If $\mathbf{nnza}=0$, matrix $A$ is considered empty, arrays a and irowa will not be referenced, and iccola should be the array of $1$.

Constraint: $\mathbf{nnza}\ge 0$.

6:     $\mathbf{ncolh}$ – IntegerInput

On entry: the number of leading nonzero columns of the Hessian matrix $H$.

If $\mathbf{ncolh}=0$, the quadratic term $H$ of the objective function is considered zero (e.g., LP problems), and arrays h, irowh and iccolh will not be referenced.

Constraint: $0\le \mathbf{ncolh}\le \mathbf{n}$.

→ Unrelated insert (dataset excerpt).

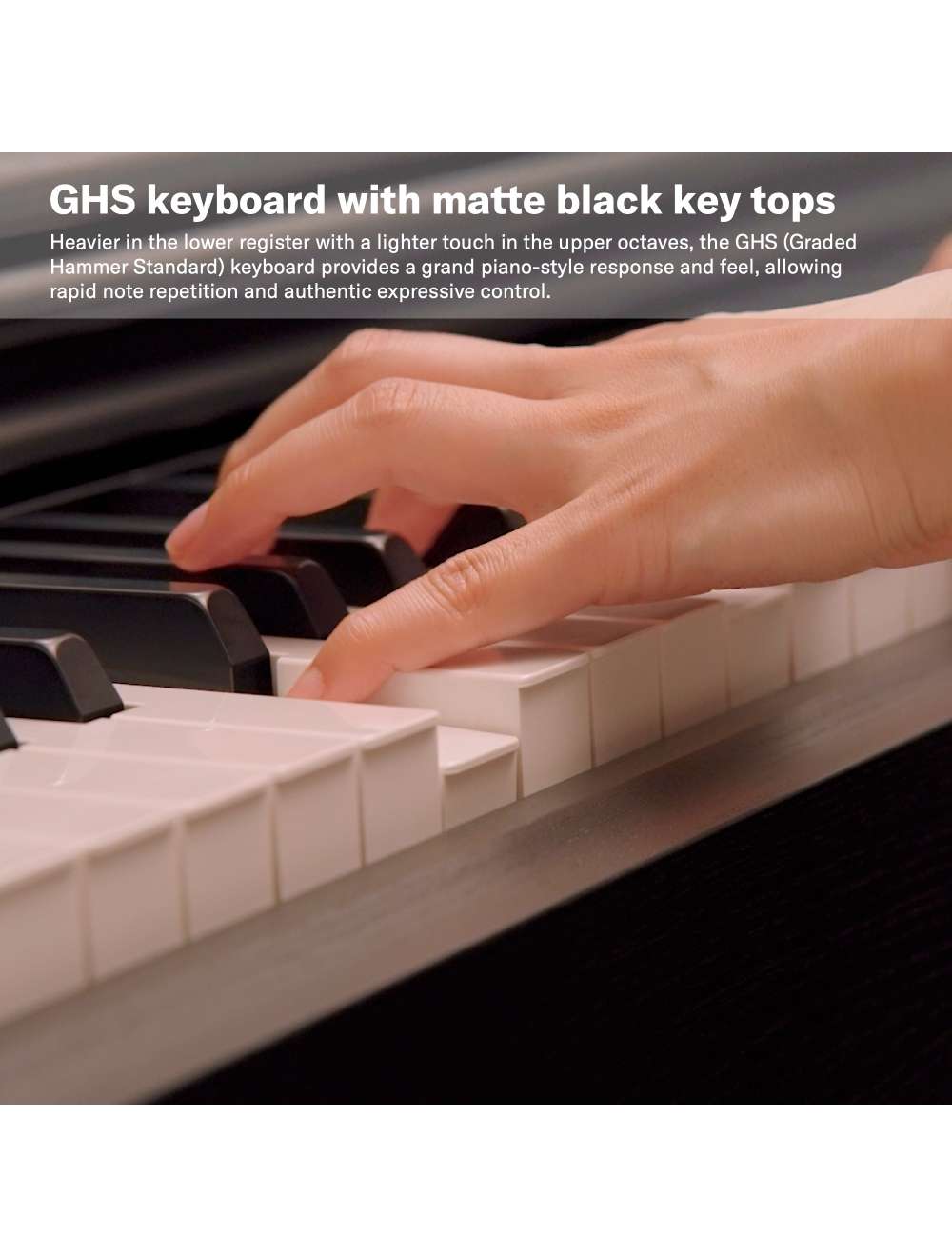 Yamaha Arius Series YDP-145R Digital Piano - Taal Musicals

7:     $\mathbf{nnzh}$ – IntegerInput

On entry: the number of nonzero elements of the Hessian matrix $H$.

Constraints:

• if $\mathbf{ncolh}>0$, $\mathbf{nnzh}>0$;
• otherwise $\mathbf{nnzh}=0$.

8:     $\mathbf{lintvar}$ – IntegerInput

On entry: the number of integer variables in the problem.

If $\mathbf{lintvar}=0$, all variables are considered continuous and array intvar will not be referenced.

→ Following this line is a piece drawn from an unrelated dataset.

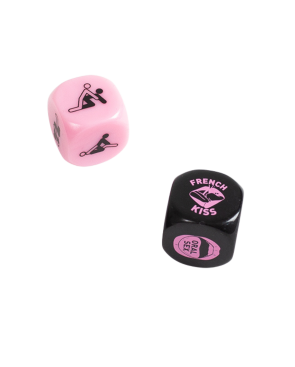 Jeu de Dés Coquin – Positions Actions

Constraint: $\mathbf{lintvar}\ge 0$.

9:     $\mathbf{idxc}\left(\mathbf{nnzc}\right)$ – Integer arrayInput

10:   $\mathbf{c}\left(\mathbf{nnzc}\right)$ – Real (Kind=nag_wp) arrayInput

On entry: the nonzero elements of sparse vector $c$. $\mathbf{idxc}\left(\mathit{i}\right)$ must contain the index of $\mathbf{c}\left(\mathit{i}\right)$ in the vector, for $\mathit{i}=1,2,\dots ,\mathbf{nnzc}$.

The elements are stored in ascending order.

Constraints:

• $1\le \mathbf{idxc}\left(\mathit{i}\right)\le \mathbf{n}$, for $\mathit{i}=1,2,\dots ,\mathbf{nnzc}$;
• $\mathbf{idxc}\left(\mathit{i}\right)<\mathbf{idxc}\left(\mathit{i}+1\right)$, for $\mathit{i}=1,2,\dots ,\mathbf{nnzc}$.

11:   $\mathbf{iobj}$ – IntegerInput

On entry: if $\mathbf{iobj}>0$, row iobj of $A$ is a free row containing the nonzero coefficients of the linear terms of the objective function. In this case nnzc is set to $0$.

If $\mathbf{iobj}=0$, there is no free row in $A$, and the linear terms might be supplied in array c.

Constraint: if $\mathbf{iobj}>0$, $\mathbf{nnzc}=0$.

12:   $\mathbf{a}\left(\mathbf{nnza}\right)$ – Real (Kind=nag_wp) arrayInput

13:   $\mathbf{irowa}\left(\mathbf{nnza}\right)$ – Integer arrayInput

14:   $\mathbf{iccola}\left(\mathbf{n}+1\right)$ – Integer arrayInput

On entry: the nonzero elements of matrix $A$ in compressed column storage (see Section 2.1.3 in the F11 Chapter Introduction). Arrays irowa and a store the row indices and the values of the nonzero elements, respectively. The elements are sorted by columns and within each column in nondecreasing order. Duplicate entries are not allowed. iccola contains the (one-based) indices to the beginning of each column in a and irowa.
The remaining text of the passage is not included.